Mass Effect's locations offered some freedom of movement - they felt like actual places.

Mass Effect 2's settings were extremely constrained by comparison - no longer living locations to explore, but very much tight funnels that might as well have had "== One Way =>" signs posted.




If you mean the ability to land on planets and then spend more time fighting the bouncy vertical movement of your vehicle than actually moving around the map, then yes, I guess ME1 had more freedom. I found them about the same in terms of linearity, but I was very glad I didn't have the bounce-o-matic sessions anymore.


No, I mean the on-foot areas.

"Levels" (for lack of better word) were extremely "follow the only road" in ME2. Yes, missions generally had a single start point and a single end point in ME1 as well, but the point is that the path from A to B was MUCH more free an unencumbered in ME1. It was, well, sort of the difference between an RPG and an almost-FPS.

Of course, I wish FPS games themselves would return to that kind of free-roaming level design. As put brilliantly in this image: http://www.geardiary.com/wp-content/uploads/2011/06/fps-desi...


What platform were you playing it on? I have the PC version and enjoyed every moment in the Mako - it goes up, down and side to side like a boss, and you don't even have to maneuver around obstacles :-)


PC here as well. Sure, you can drive over all but the nearly vertical mountains... but hit the slightest bump and the Mako is like a superball.
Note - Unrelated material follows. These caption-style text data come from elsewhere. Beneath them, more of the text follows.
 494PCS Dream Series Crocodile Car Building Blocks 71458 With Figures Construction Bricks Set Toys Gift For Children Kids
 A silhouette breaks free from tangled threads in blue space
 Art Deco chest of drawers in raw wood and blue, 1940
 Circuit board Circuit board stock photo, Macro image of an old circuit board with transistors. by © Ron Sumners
Mako was fun at first, but planetside gets tedious fast: loading screen - bounce - bounce - hit anomoly 1/2/3 and do same minigame for all - bounce - short, unsatisfying vehicle firefight - loading screen. ME2 was much better - here's a planet, grab the resources, if there's a special mission, then you get a loading screen.
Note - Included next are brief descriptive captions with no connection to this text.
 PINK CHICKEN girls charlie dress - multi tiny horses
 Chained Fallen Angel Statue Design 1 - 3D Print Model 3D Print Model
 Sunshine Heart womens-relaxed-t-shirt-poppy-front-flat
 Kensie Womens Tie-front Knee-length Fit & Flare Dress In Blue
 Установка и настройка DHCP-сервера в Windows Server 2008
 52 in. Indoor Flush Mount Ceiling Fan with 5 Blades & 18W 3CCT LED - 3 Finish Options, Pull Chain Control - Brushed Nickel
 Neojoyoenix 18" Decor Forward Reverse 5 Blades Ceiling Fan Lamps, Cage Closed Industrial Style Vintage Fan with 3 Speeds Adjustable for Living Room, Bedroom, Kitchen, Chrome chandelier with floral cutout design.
I had a somewhat similar experience when I played Prince of Persia: The Warrior Within.

I remember it being very pretty, engaging, with wide open spaces and interesting combat... and then you would get to a dead end. You would look around a corner and find the way forward. It might sometimes take a while, but there was always exactly one path through the level (and game!) on reflection.

I would contrast this with some of my favorite moments in Portal: you can either get yourself accidentally utterly stuck (and the game has to detect that and let you out), or you can find clever ways with a risky approach to bypass an entire level.
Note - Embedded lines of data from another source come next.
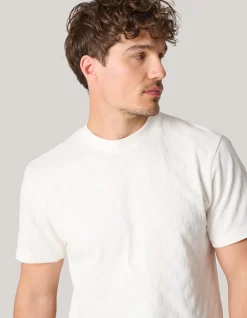 Block Structuur T-shirt Gebroken Wit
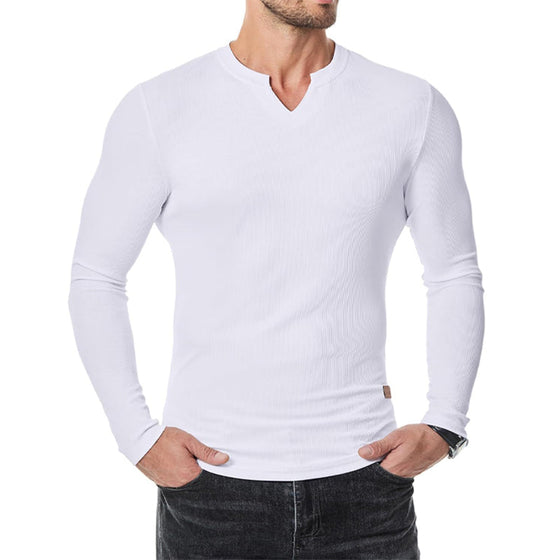 Chemise Homme Slim Fit Col V Longline Muscle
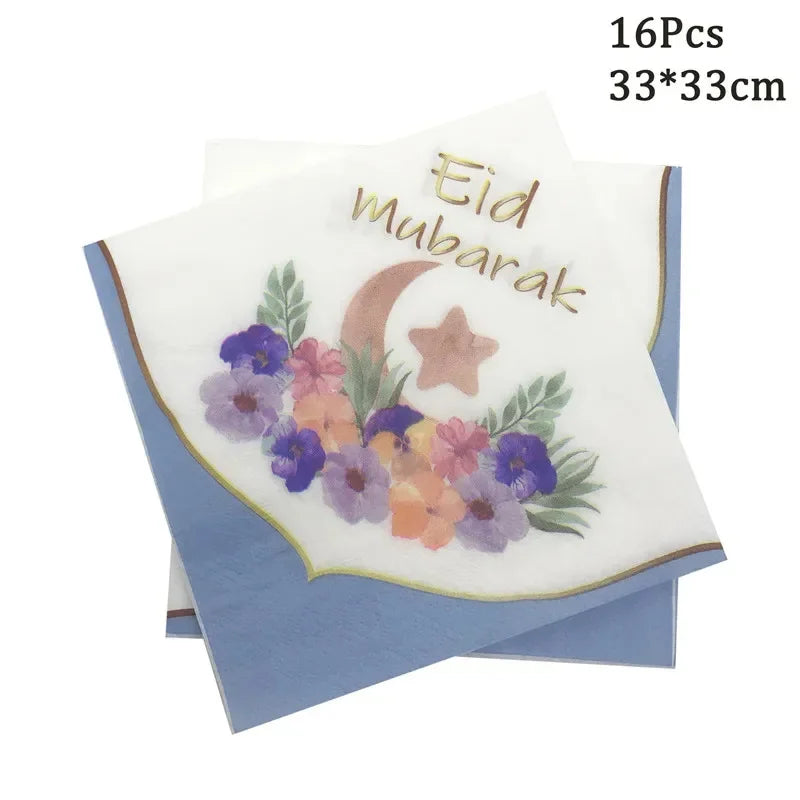 Hot Stamping Eid Mubarak Disposable Paper Plate Cup Napkin Islamic Muslim Eid Al Adha Home Party Decor Ramadan Kareem Supplies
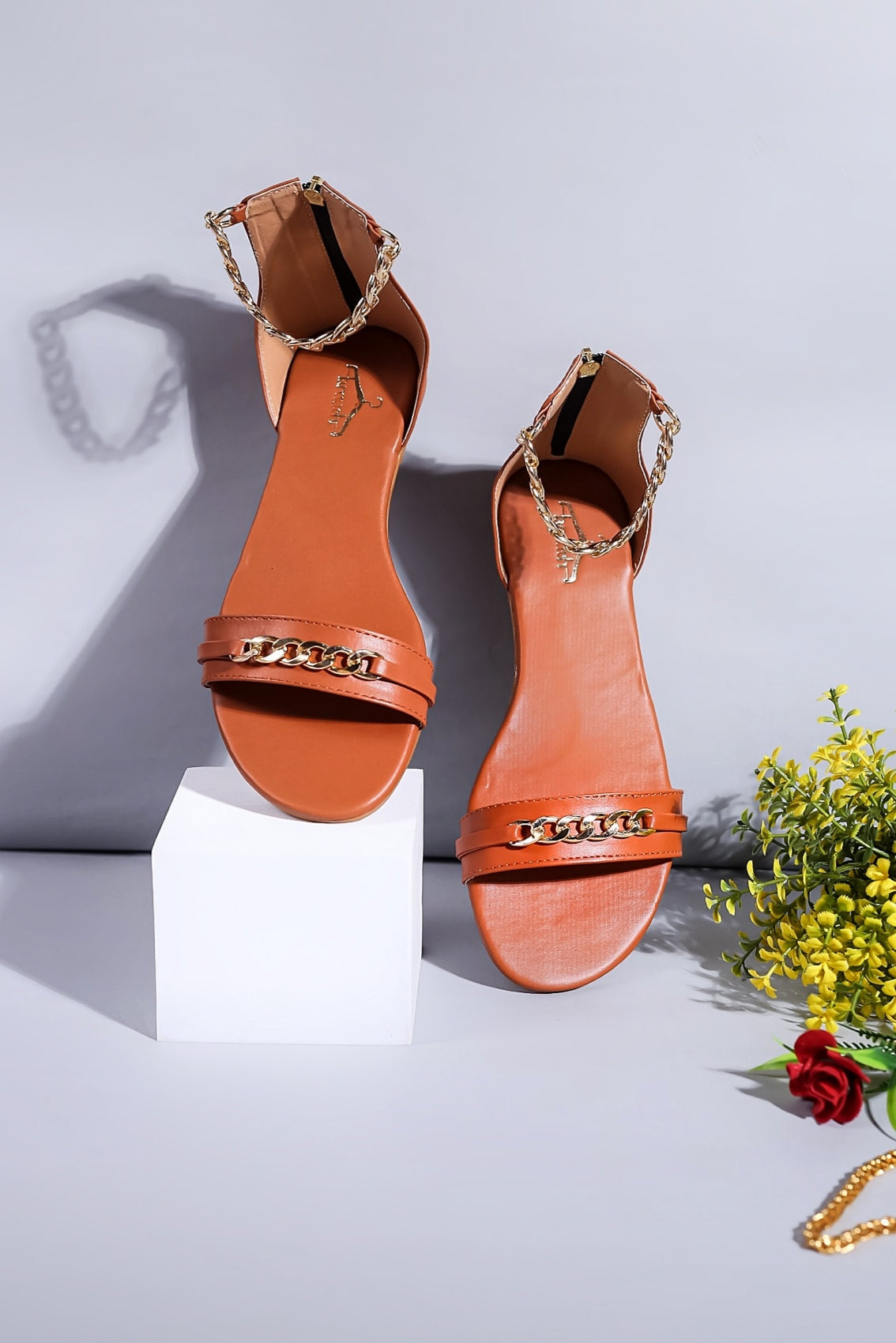 Brauch Women Tan High Strap Embellished Buckle Flats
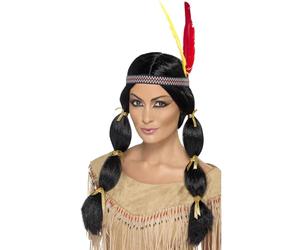 Smiffys Perruque inspirée amérindienne, noire, avec nattes et bandeau Halloween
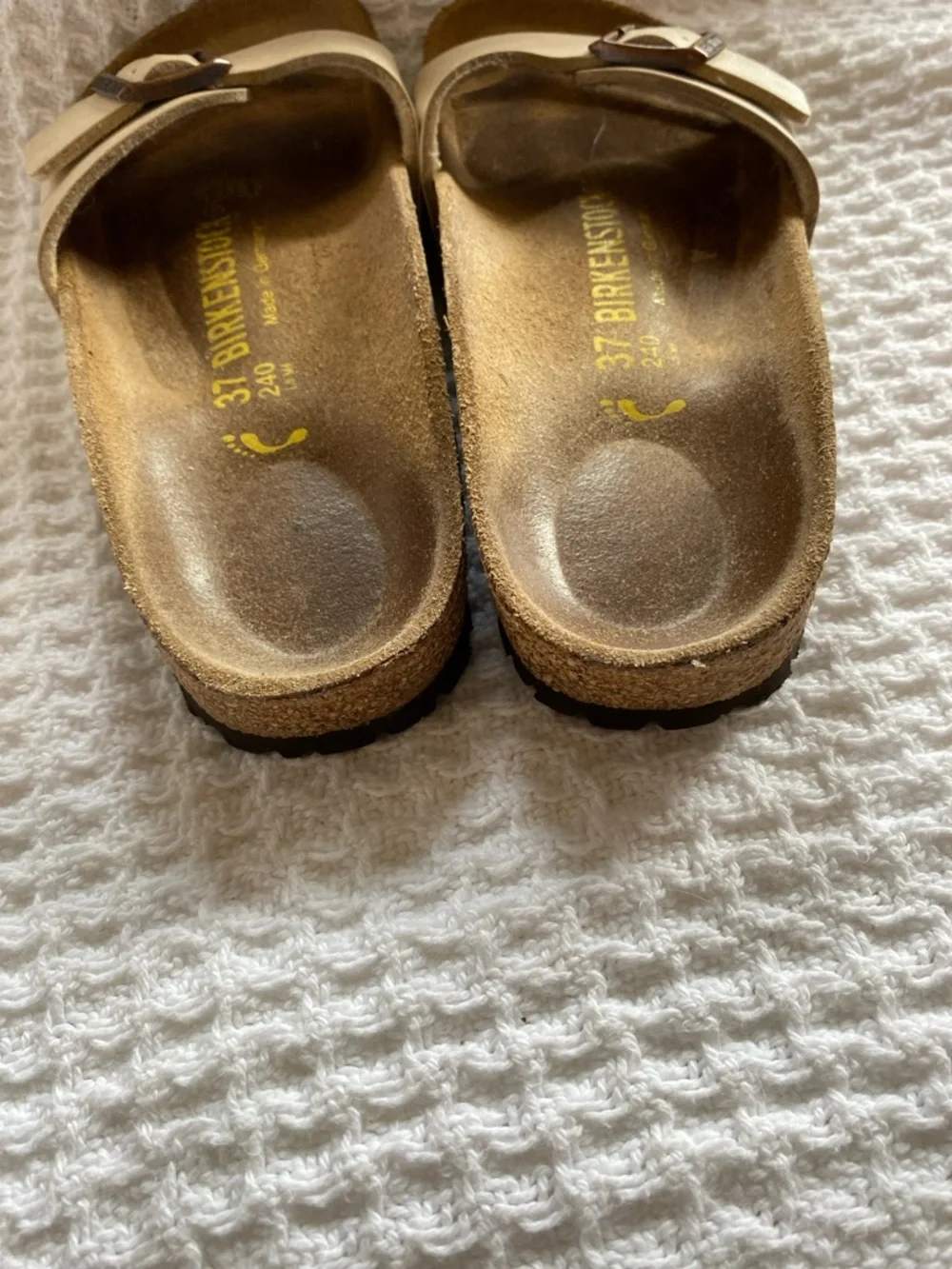 Birkenstock Beige Single-Strap Leather Sandals with Buckle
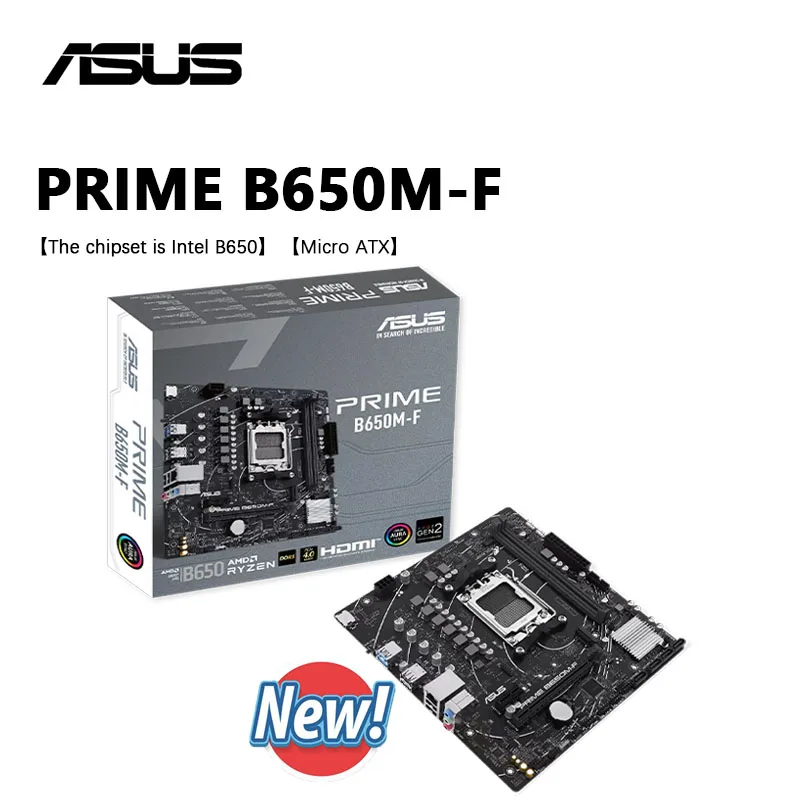 ASUS New PRIME B650M F AMD B650 يدعم سعة 96 جيجابايت AMD Ryzen ™ 7000 8000 9000 سلسلة اللوحة الأم المقبس AM5 #1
I guess I'm saying that as a general principle, every level should have at least four paths: one is risky and difficult and unconventional but will lead you to the end result a little bit quicker; one is the longer, slower way; and one looks like the longer, slower way but in fact goes nowhere or leads to a trap; and one leads you to a secret which might help.

(I also appreciate situations like Zelda where you don't tell me what order to complete the dungeons in -- maybe dungeon A has an item which is important for solving dungeon C; if so then consider building the risky-difficult pathways through C to not require this item.)